Akibatnya, menurut Imam, masyarakat hilang kepercayaan terhadap media mainstream. "Di local election, fake news tumbuh dengan sangat cepat, ini juga ancaman terus-menerus bagi kita di Indonesia, setiap tahun kita berhadapan dengan fake news," ujarnya.
Dia menekankan, di Indonesia berita bohong digali hingga ke isu-isu lain termasuk isu sentimen agama. "Fake news sudah mengancam eksistensi pers sebagai pilar keempat demokrasi," jelas dia.
Menurutnya, saat ini Dewan Pers dan masyarakat pers Indonesia tidak dalam posisi ingin membuat peraturan baru mengenai berita bohong ini karena pemberitaan bohong bisa disikapi masyarakat dengan berpegang pada aturan-aturan yang ada. Yang terpenting, kata Imam, ada literasi media yang dilakukan dengan memberikan pendidikan kepada publik.
"Contohnya untuk melindungi kehormatan individu-individu yang terkena dampak berita bohong, di Indonesia sudah ada undang-undang yang melindungi itu," kata dia.
Kekerasan Jurnalis
Aliansi Jurnalis Independen (AJI) Indonesia mencatat ada 73 kasus kekerasan terhadap jurnalis sepanjang Mei 2016 hingga April 2017, dan angka tersebut meningkat dibandingkan tahun sebelumnya. "Kekerasan tersebut sebagaian besar dilakukan oleh kelompok intoleran, pada saat pilkada atau aksi di berbagai wilayah Indonesia, dan juga aparat keamanan," kata Ketua AJI Indonesia Suwarjono.

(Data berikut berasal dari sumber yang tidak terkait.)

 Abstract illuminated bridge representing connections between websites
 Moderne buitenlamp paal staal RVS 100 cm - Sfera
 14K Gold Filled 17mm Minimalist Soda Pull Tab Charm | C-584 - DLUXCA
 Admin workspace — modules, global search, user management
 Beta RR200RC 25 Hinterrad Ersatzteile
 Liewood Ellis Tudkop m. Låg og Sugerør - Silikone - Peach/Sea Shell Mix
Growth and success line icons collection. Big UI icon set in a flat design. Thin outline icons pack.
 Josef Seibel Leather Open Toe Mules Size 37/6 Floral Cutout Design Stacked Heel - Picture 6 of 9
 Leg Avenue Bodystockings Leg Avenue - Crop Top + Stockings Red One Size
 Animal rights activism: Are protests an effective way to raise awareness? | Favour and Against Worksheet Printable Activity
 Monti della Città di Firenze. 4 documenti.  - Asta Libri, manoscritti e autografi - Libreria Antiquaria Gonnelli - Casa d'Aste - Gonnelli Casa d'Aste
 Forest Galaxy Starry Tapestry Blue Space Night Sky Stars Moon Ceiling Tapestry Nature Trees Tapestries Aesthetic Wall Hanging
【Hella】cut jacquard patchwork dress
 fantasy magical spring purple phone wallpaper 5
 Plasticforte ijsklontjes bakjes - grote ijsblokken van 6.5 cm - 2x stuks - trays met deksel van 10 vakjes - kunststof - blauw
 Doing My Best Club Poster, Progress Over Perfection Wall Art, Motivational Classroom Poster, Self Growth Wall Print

Kasus kekerasan itu didominasi bentuk kekerasan fisik yang mencapai 387 kasus, pengusiran dan atau pelarangan liputan dengan temuan sebanyak 14 kasus. Dalam 12 tahun terakhir angka kekerasan terus meningkat, pada 2014 ada 42 kasus kekerasan kemudian pada 2015 ada 44 kekerasan, sedangkan untuk tahun ini hingga April sudah ada 24 kasus kekerasan.
Namun sayangnya, banyak dari kasus-kasus itu mengalami amputasi seperti di Medan ketika wartawan meliput sengketa tanah warga dengan TNI AU di Sari Rejo pada Agustus 2016, aparat TNI AU melakukan penyerangan terhadap jurnalis yang meliput, namun sampai saat ini belum juga selesai.
Begitu juga dengan kasus kekerasan yang dilakukan aparat pemerintah kepada Ghinan Salman, wartawan Radar Madura dipukuli sejumlah pegawai Dinas Pekerjaan Umum Bina Marga Kabupaten Bangkalan pada September 2016, hingga saat ini kasus tersebut belum terselesaikan.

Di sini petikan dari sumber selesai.